Pour laisser plus de place au combat à l’écran, un choix graphique a été fait concernant la barre de vie qui se déplace à côté de chaque joueur. De même lorsque, le super pouvoir est chargé, une icône jaune clignote à côté de votre joueur : vous n’avez plus qu’a déclencher l’enfer en touchant votre adversaire qui se verra assener automatiquement une grêle de coups.

Le constat est top : pas besoin de regarder partout, vous pouvez vous concentrer sur le cœur du combat sans jamais perdre une miette de vos possibilités.

D’autre part, visuellement, on retrouvera tous les grands classiques au niveau des joueurs : les poids-lourds (hommes et femmes), les ninjas, les personnages équilibrés, les robots et autres expériences…

J’émettrai un bémol. Au début de chaque match, on voit une carte indiquant le lieu où se passe le combat : cela s’avère particulièrement inutile puisque, d’une part, on ne reconnaît pas les lieux et, d’autre part, ce n’est pas sur un globe terrestre… Peut être un hommage (raté) à Street Fighter ?

On pourra aussi regretter aussi que, lors des fins de match, les replay soit parfois incompréhensibles visuellement.

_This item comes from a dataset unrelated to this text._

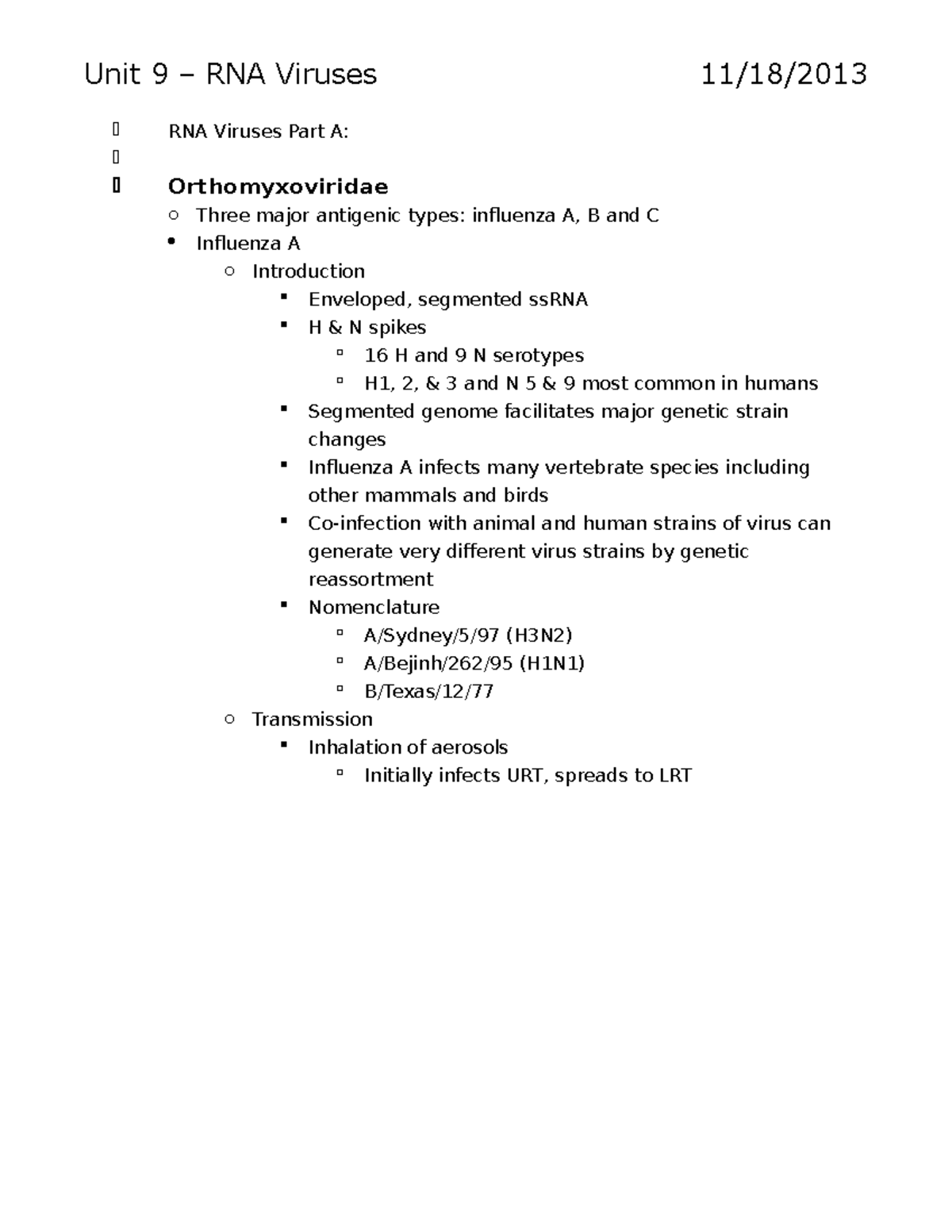 Unit 9 – RNA Viruses - Lecture notes 7 - Unit 9 – RNA Viruses 11/18 ...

En mode nomade, le jeu est impeccable ainsi qu’en mode TV (1080p). Rien a dire de ce coté.

Les modes de jeu

La campagne solo développe assez peu le background des personnages et est un peu répétitive mais elle n’est pas facile pour autant ! Passer tous les niveaux pour farmer sera très difficile.

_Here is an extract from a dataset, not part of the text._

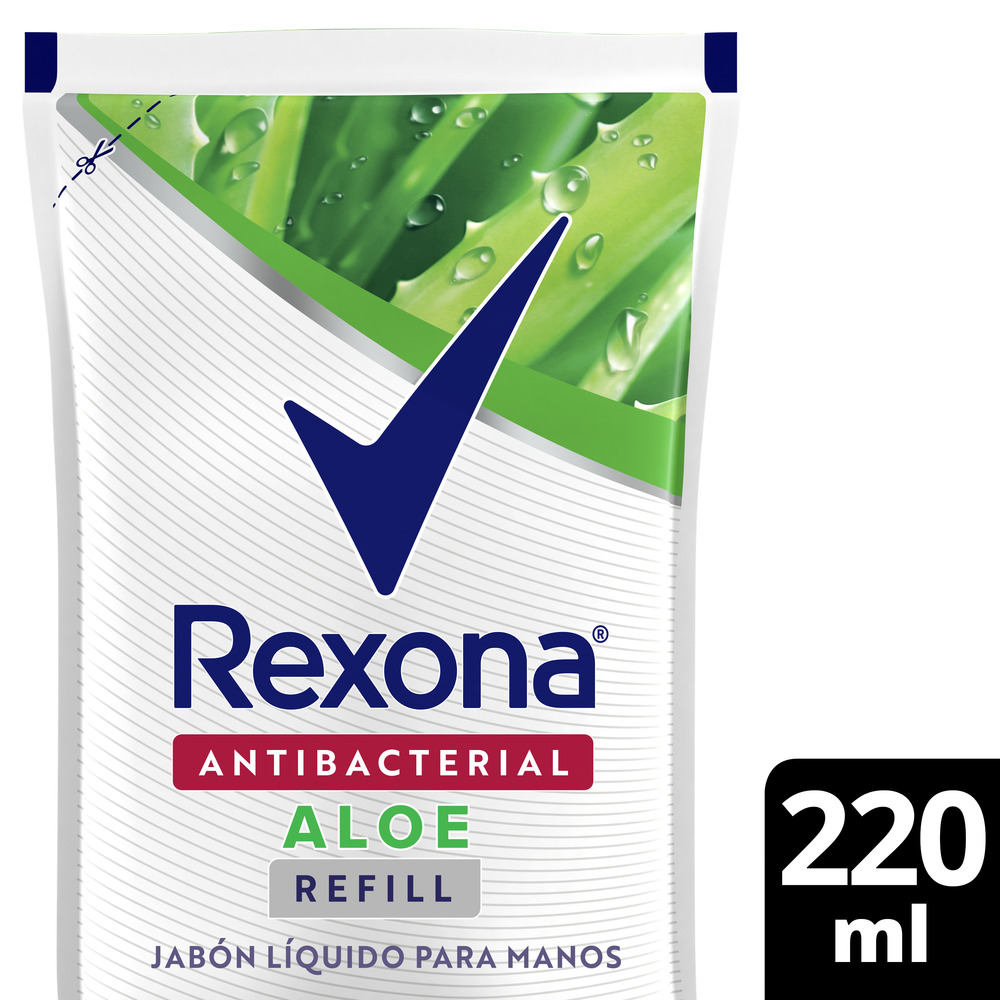 Rexona Jabón Liquido para Antibacterial Aloe Recarga Económica 220 ml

Le mode 2 joueurs est parfait pour passer un bon moment entre amis, voir pour vos soirées famille ou samedis soirs festifs et alcoolisées. On se passe la manette et on se marre bien plus qu’avec le 1, 2 Switch qui sera vite oublié. Ici, les possibilités de la Switch sont bien utilisées et vous pouvez jouer en nomade à l’apéro ^^

Par contre, je trouve que le mode 2 V 2 est à oublier : on ne comprend rien, ça part dans tous les sens et il est difficile de faire autre chose que bourriner bêtement – à mon sens – mais c’est peut être que je n’ai pas assez testé ce mode.

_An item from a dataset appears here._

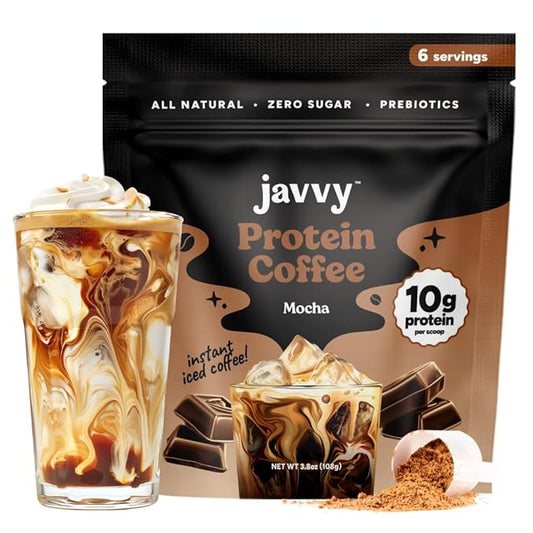Javy Mocha Protein Coffee - Premium Whey Protein & Instant Iced Coffee - 100% Arabica Coffee - Zero Artificial Flavors & Sweeteners, 6 Servings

Le multi me semble sympa mais je n’ai pas encore pu trop tester : les serveurs semblent être à améliorer et stabiliser.

Pour ceux qui veulent connaître tous les modes de jeux en détail, je les renvoi vers la page Nintendo qui est très bien faite.

Notes

Gameplay
Graphisme
Histoire
Intérêt

Conclusion

En bref, cette nouvelle IP Arms est un bon jeu de baston assez novateur.

A essayer d’urgence pour les amateurs de fun et à oublier pour les hardcore gamers qui aiment faire des combos avec 65 boutons.

Arms est disponible depuis le 16 juin en version boîte et sur l’eShop Nintendo à 59€99.